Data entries
________________________

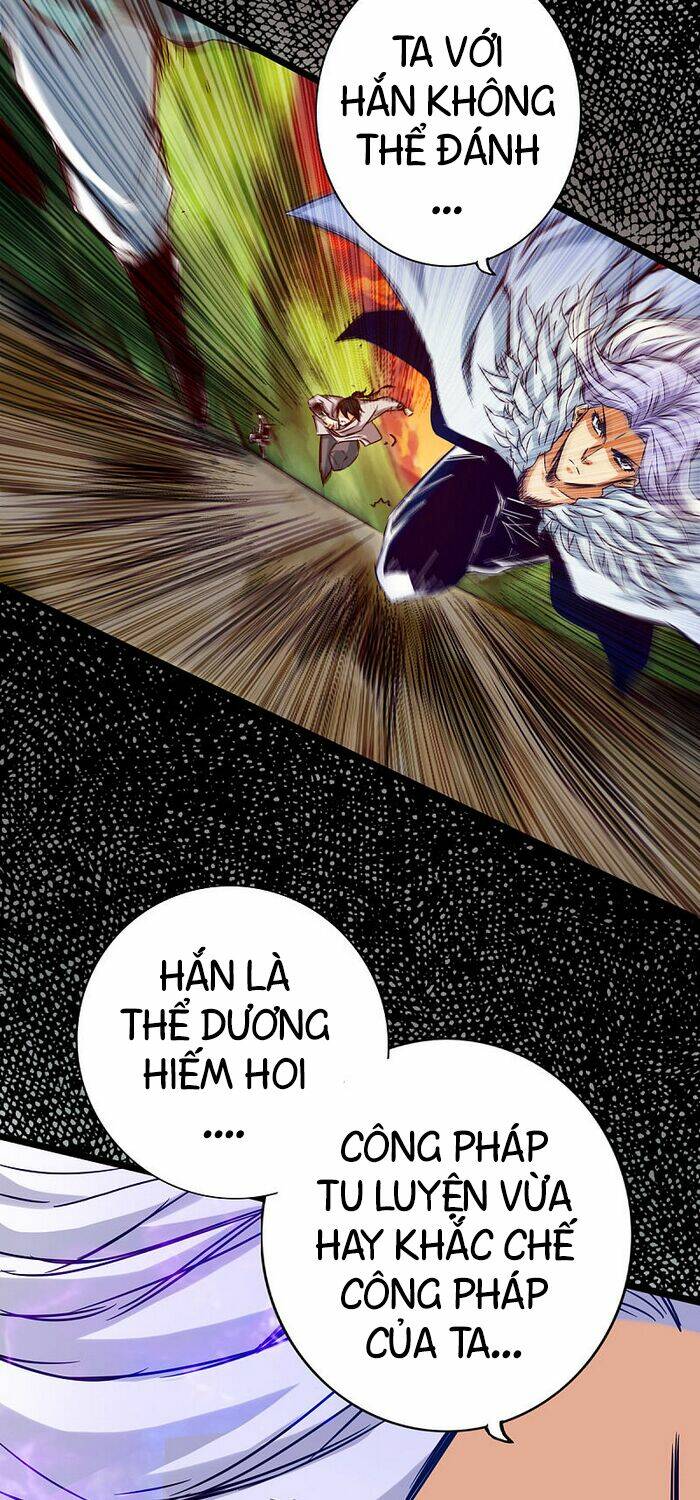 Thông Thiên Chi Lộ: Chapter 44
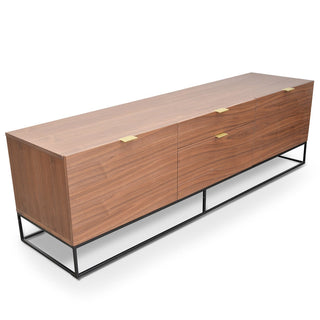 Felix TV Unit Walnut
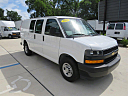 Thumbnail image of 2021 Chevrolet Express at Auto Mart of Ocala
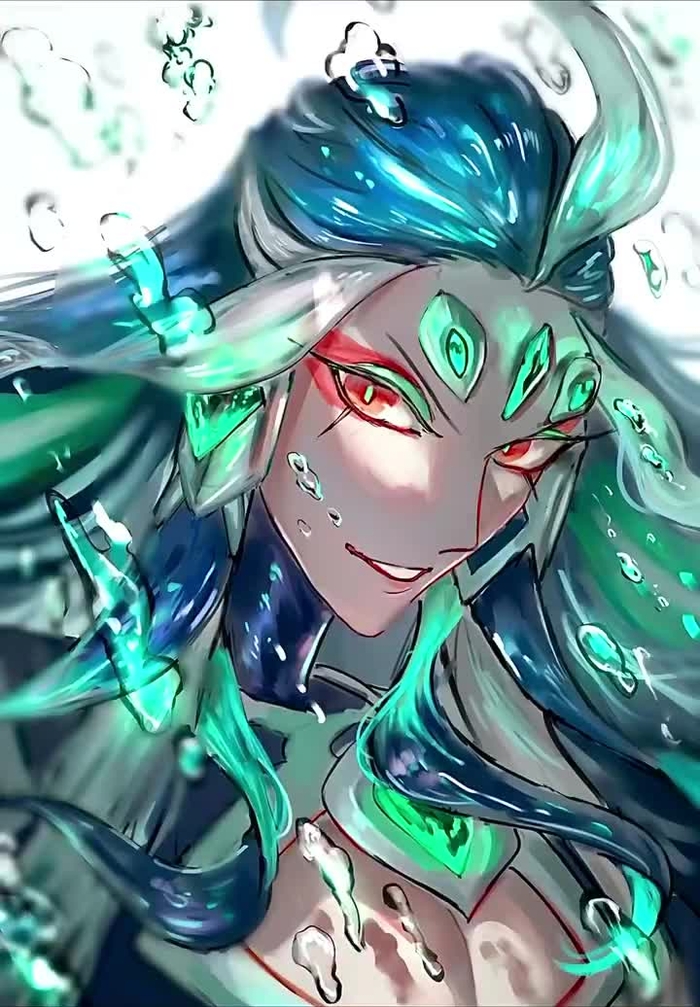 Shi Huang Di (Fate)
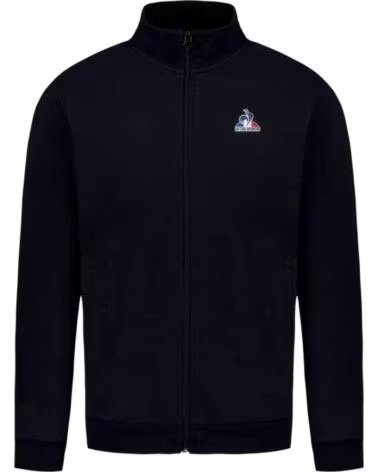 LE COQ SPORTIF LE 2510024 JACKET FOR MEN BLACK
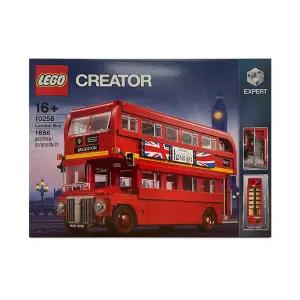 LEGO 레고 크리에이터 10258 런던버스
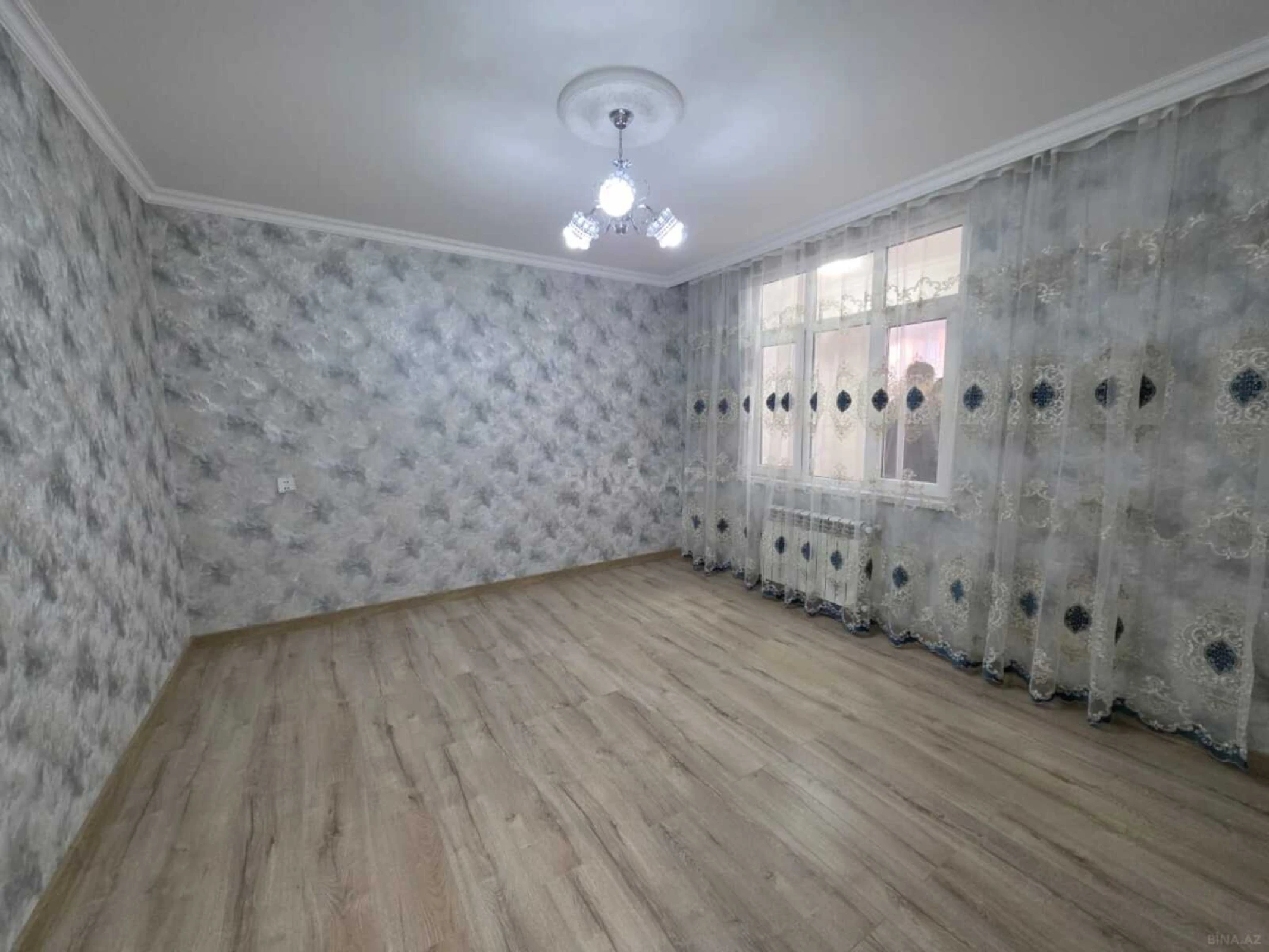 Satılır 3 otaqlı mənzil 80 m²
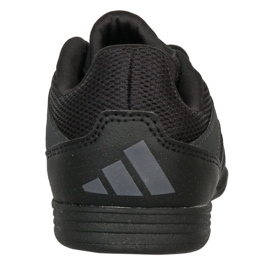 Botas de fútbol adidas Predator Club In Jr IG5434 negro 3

________________________

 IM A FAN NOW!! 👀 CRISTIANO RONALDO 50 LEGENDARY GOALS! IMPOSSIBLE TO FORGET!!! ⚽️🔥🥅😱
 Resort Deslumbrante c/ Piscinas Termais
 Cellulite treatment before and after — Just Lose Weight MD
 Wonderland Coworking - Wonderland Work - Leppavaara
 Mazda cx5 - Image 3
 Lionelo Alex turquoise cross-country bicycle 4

________________________

Look above for the line with "Shi Huang Di (Fate)" and the line with "Botas de fútbol", then restate exactly those two lines and all lines between them, with no pictures.

 Shi Huang Di (Fate)
 LE COQ SPORTIF LE 2510024 JACKET FOR MEN BLACK
 LEGO 레고 크리에이터 10258 런던버스
 Satılır 3 otaqlı mənzil 80 m²
 Botas de fútbol adidas Predator Club In Jr IG5434 negro 3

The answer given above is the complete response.